After you compile your list of the ways people refer to the entities and attributes, pick which term you want to use for the primary name of each entity and attribute. They should be names that are closest to the most common usages. When you choose the name, consider that the out-of-the-box NLP model won't likely understand domain-specific relationships. For example, it won't automatically understand that invoice number and reference refer to the same thing. Because invoice number is commonly used and also is closest to other commonly used terms such as invoice no and bill number, you would make it the primary name.

Treat the rest of the terms as synonyms. In the above example, you would add reference, invoice no, and bill number to the synonym list.
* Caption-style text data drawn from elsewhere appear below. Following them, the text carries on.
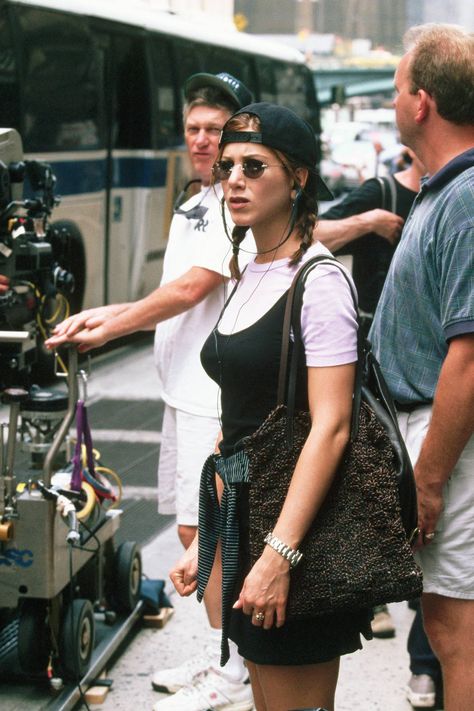 Jennifer Aniston, 90s Fashion, Outfits, Early 2000s Fashion, Jennifer Aniston Style, Jennifer Aniston 90s, 90s Looks, 1990s Outfits, 2000s Fashion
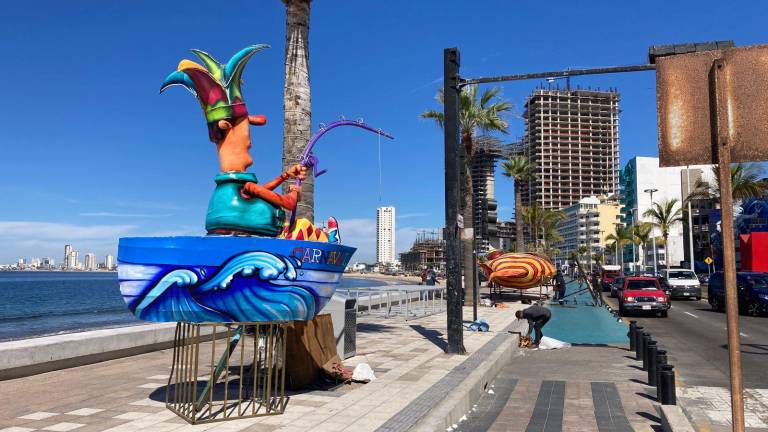 Los monigotes son los primeros carnavaleros que ya están esperando en el malecón la gran fiesta mazatleca.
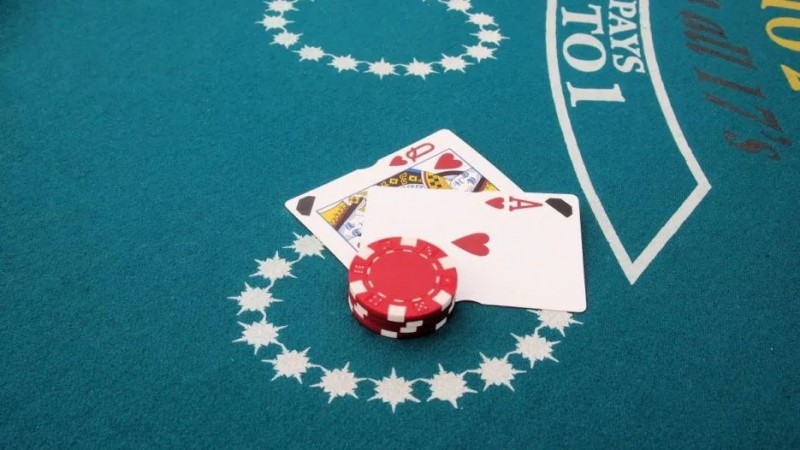 【EV扑克】牌局分析 | 同花AQ,翻前遇到加注和3bet,怎么办?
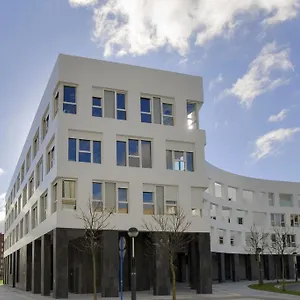 irenaz-vitoria-apartamentos.bilbaohotelsspain.com/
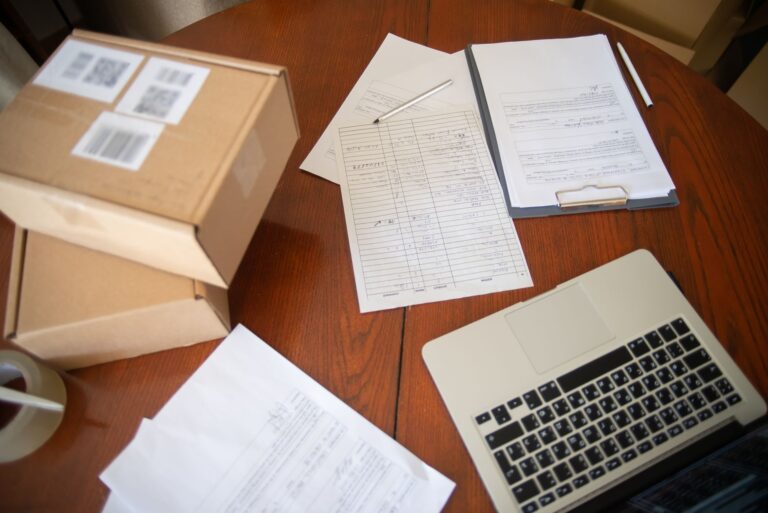 Online Commerce Legal Requirements: Essential Guide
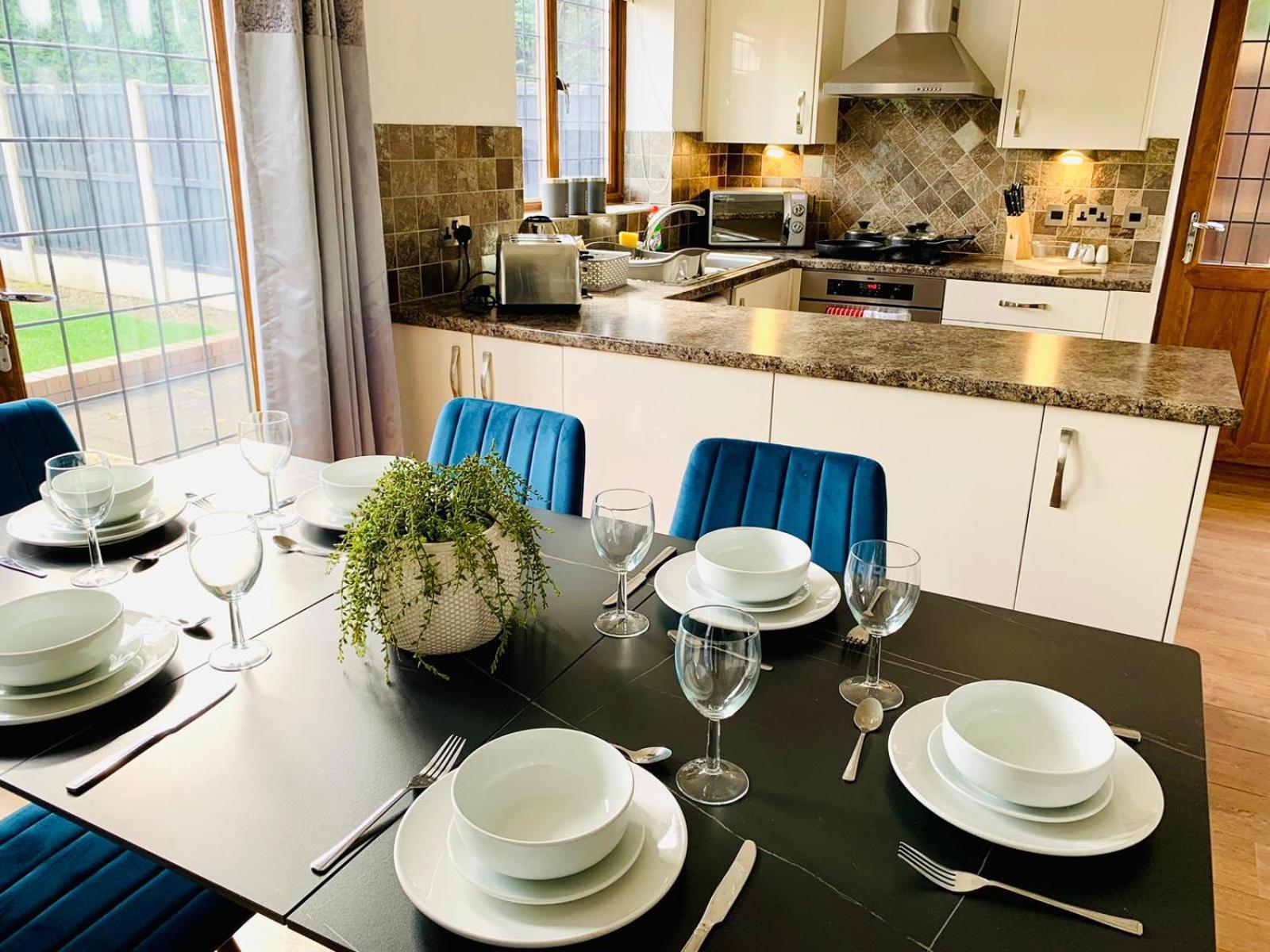 3Br House Ossett-Wakefield, Free Parking 3 Cars Wi Fi Long Stays Exteriör bild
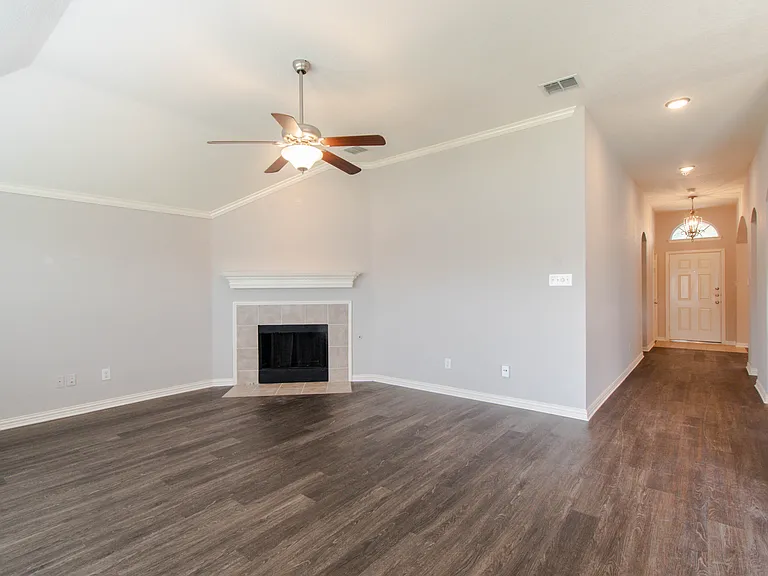 1140 Victory Bells Dr — Photo 6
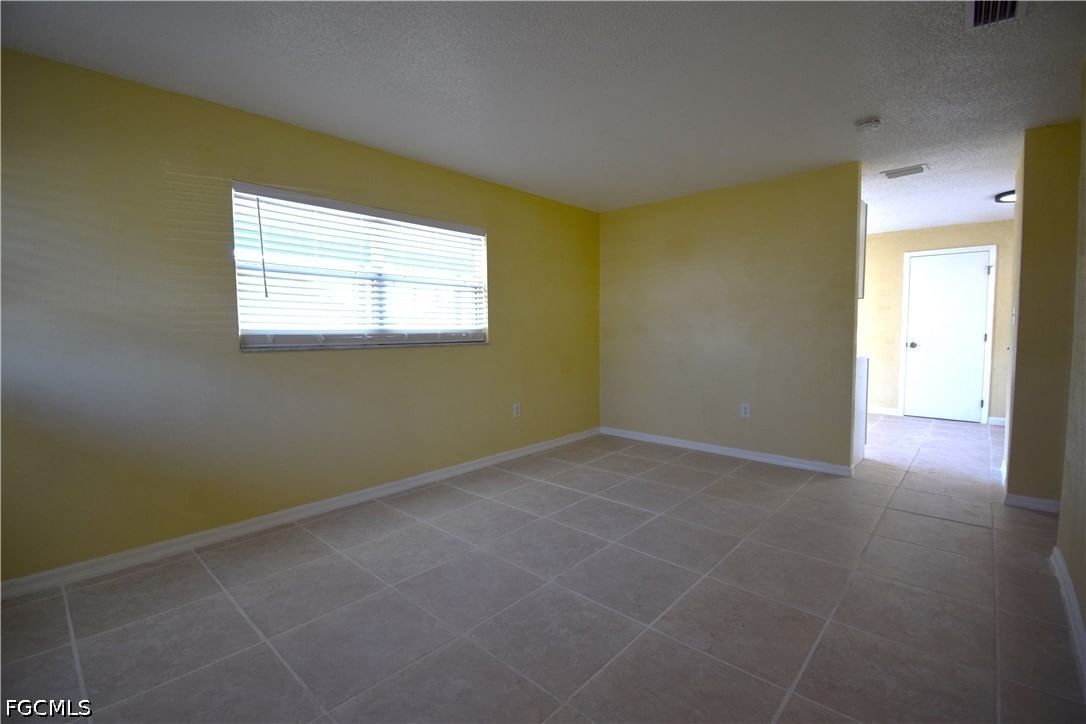 7 W Clermont Court, Fort Myers, FL 33916 photo 5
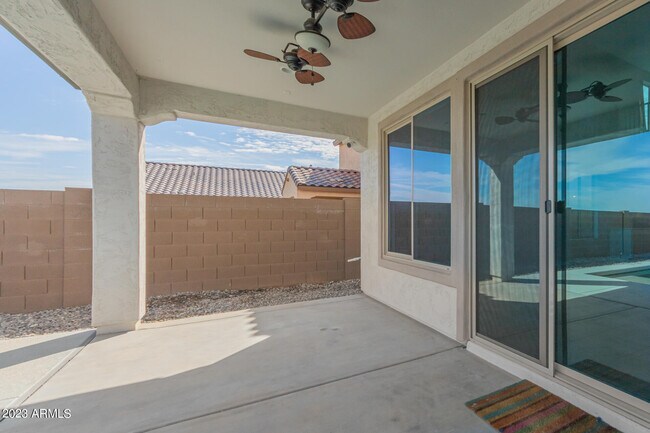 Building Photo - 19740 W Palo Verde Dr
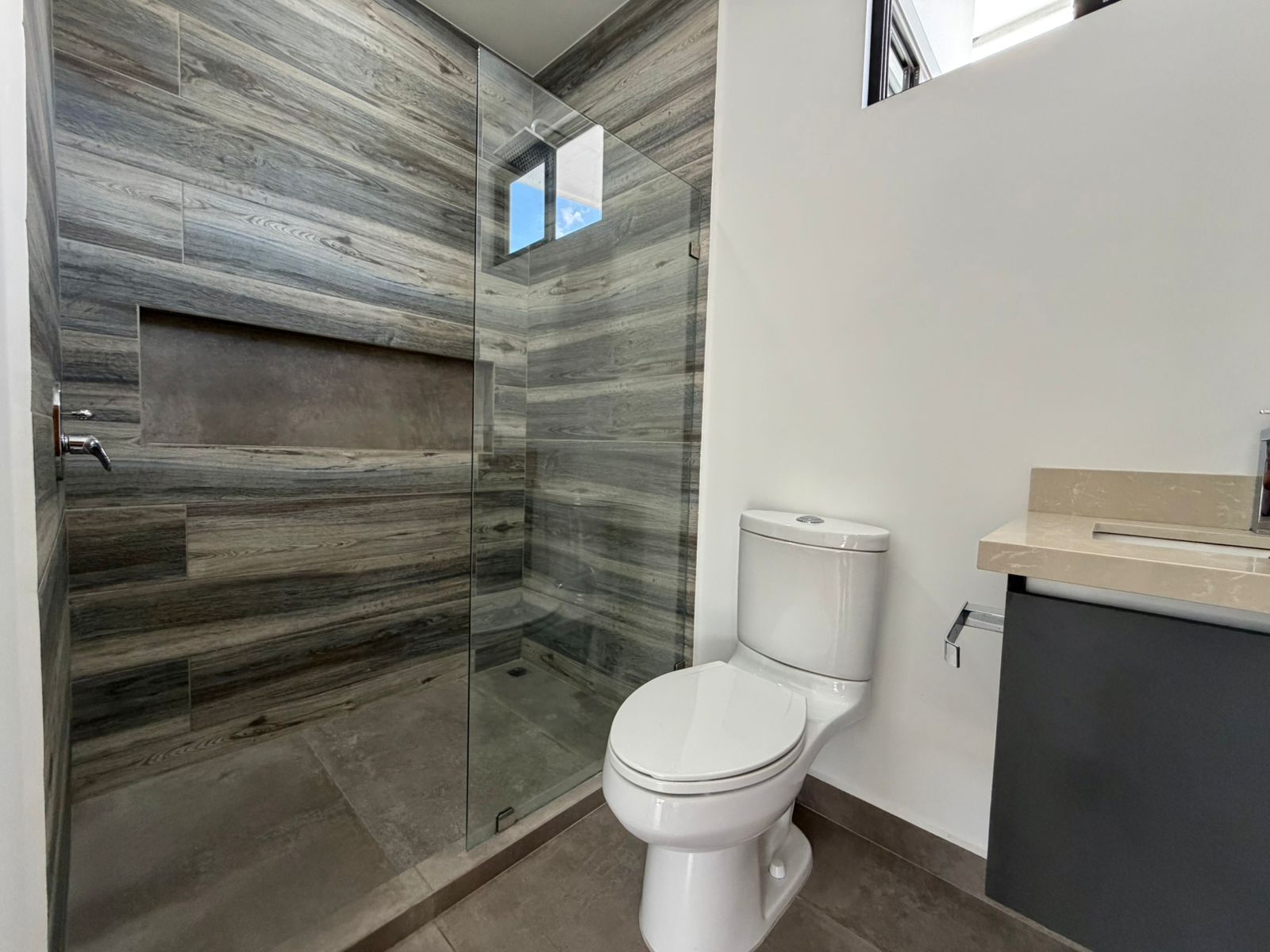 Casa de 3 niveles con arquitectura moderna - Foto 15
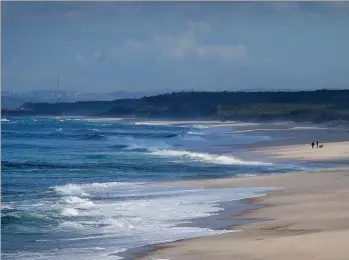  ?? ?? A Praia do Furadouro localiza-se a cerca de 4 quilómetro­s do centro da cidade de Ovar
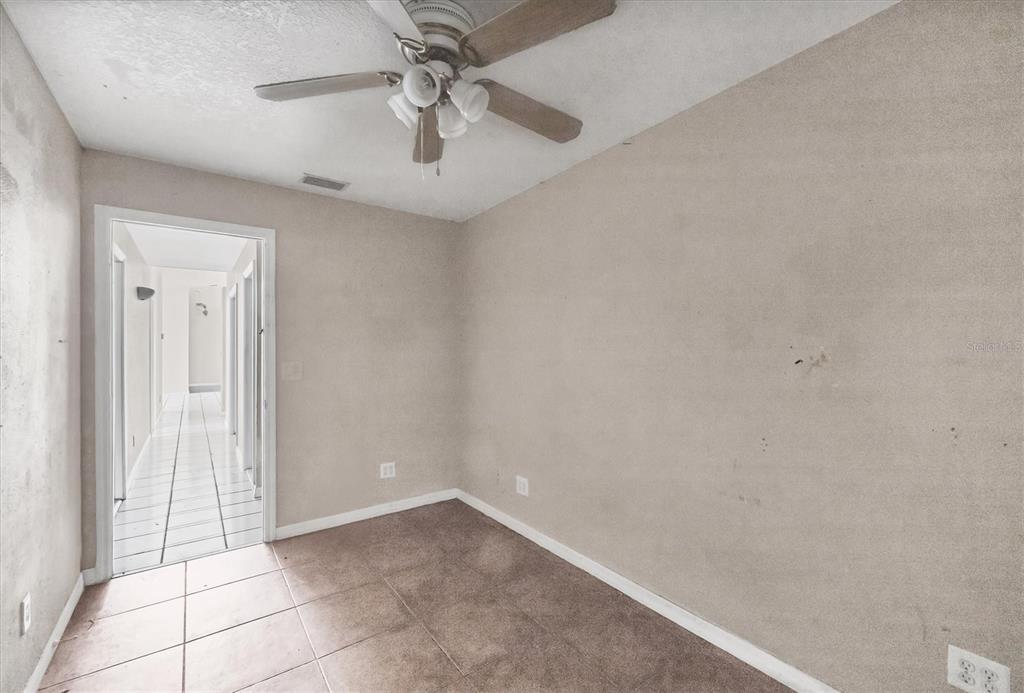 2540 Carmine Road Venice, FL 34293 - Photo 17 of 36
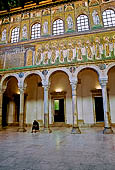 Ravenna. Basilica di S. Apollinare Nuovo ( VI sec.). Corteo delle vergini, lato sinistro della navata.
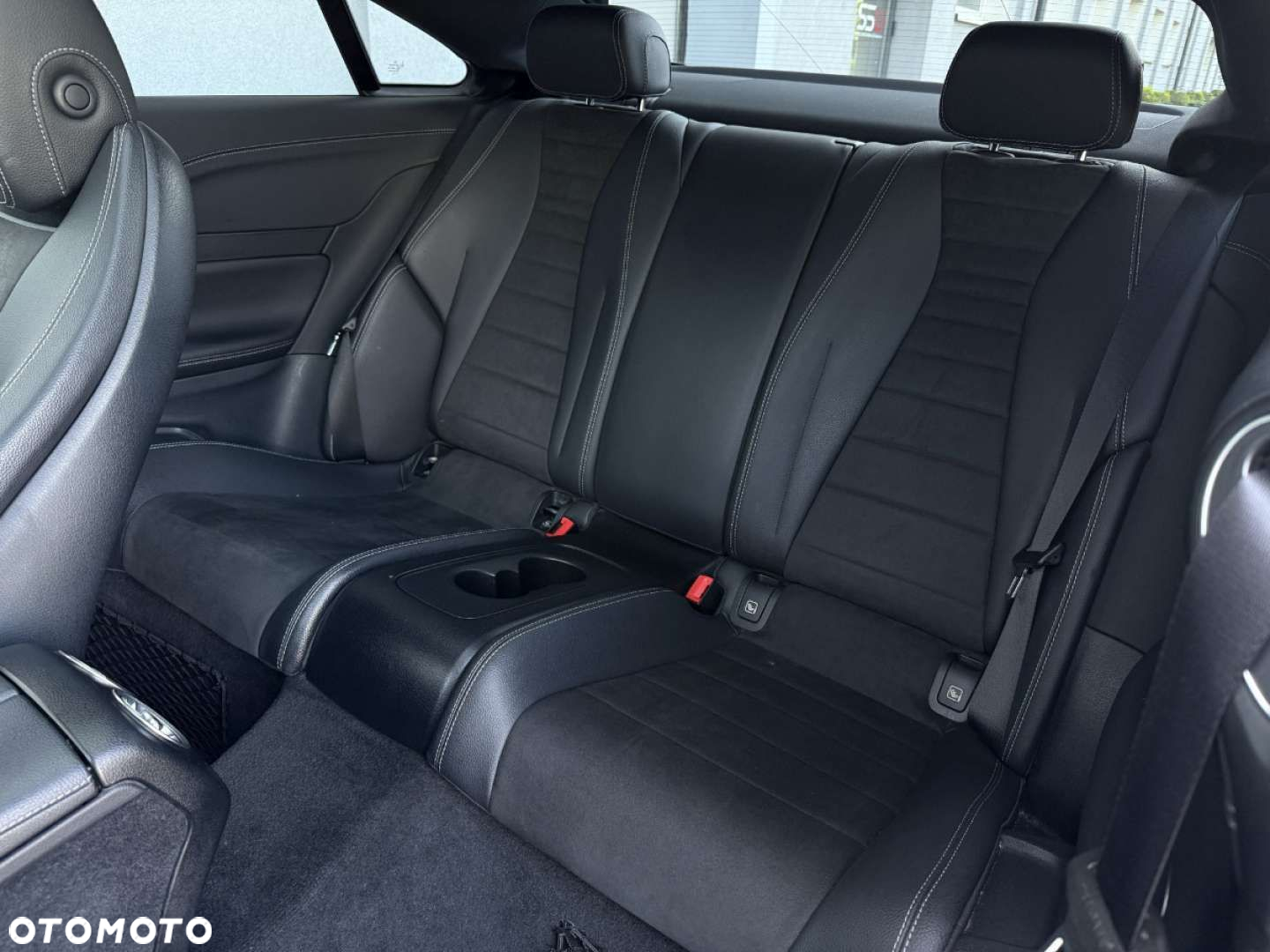 Mercedes-Benz Klasa E 220 d Coupe 9G-TRONIC AMG Line - 31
Note that the primary name is what the skill uses for the result column headers and labels.

Using your list, you create the training data in the Entities page.

  • To set the entity's Primary Name and Synonyms, open the entity's Configuration tab.

  • To set the attribute's Primary Name and Synonyms, open the attribute's Natural Language tab.

Note:

When processing utterances, the natural language parser doesn't consider the physical model's canonical names, that is, it doesn't look at table and column names. It only uses the natural language mappings that you define using names and synonyms (the logical model).

Provide Training Data Through Value Lists

You can improve the natural language parser's accuracy by associating attributes with value lists or dynamic entities. This helps the parser identify an attribute based on its known values. You use Referenced Entity on the attribute's General Information tab to associate the attribute with the reference entity's values. For value list entities, you can automatically create the entity, import the data service's values, and associate it as a referenced entity all in one step.

When deciding whether to use a value list or a dynamic entity to store the values, consider whether the entity is open or closed.

  • An open list is one that is infinite or dynamic (or both). For open lists, consider creating and maintaining a dynamic entity instead of a value list. If you choose to use a value list, then you should curate the list to make sure that it at least contains the most commonly used values. For example, for a vendors list that most likely grows over time, you'll want the list to include your most frequently used vendors. This is because queries about a vendor without using the word "vendor", such as "show the summary flag for Seven Corporation", won't match if that value isn't in the value list. You thus increase the frequency of correct resolutions by at least including the most frequently used values.

  • A closed list is a static finite list. These are ideal for value list entities.

For both value lists and dynamic entities, add both plural and singular versions of synonyms for each entity value to indicate the ways that end users will refer to the value. This is especially important when the list contains values that end users don't typically use. Take, for example, this list of valid payment statuses. Users will be much more likely to use words like paid, unpaid, and partially paid than to use Y, N, and P. Adding these words as synonyms helps to insure that the NLP recognizes that the users are referring to the payment status attribute.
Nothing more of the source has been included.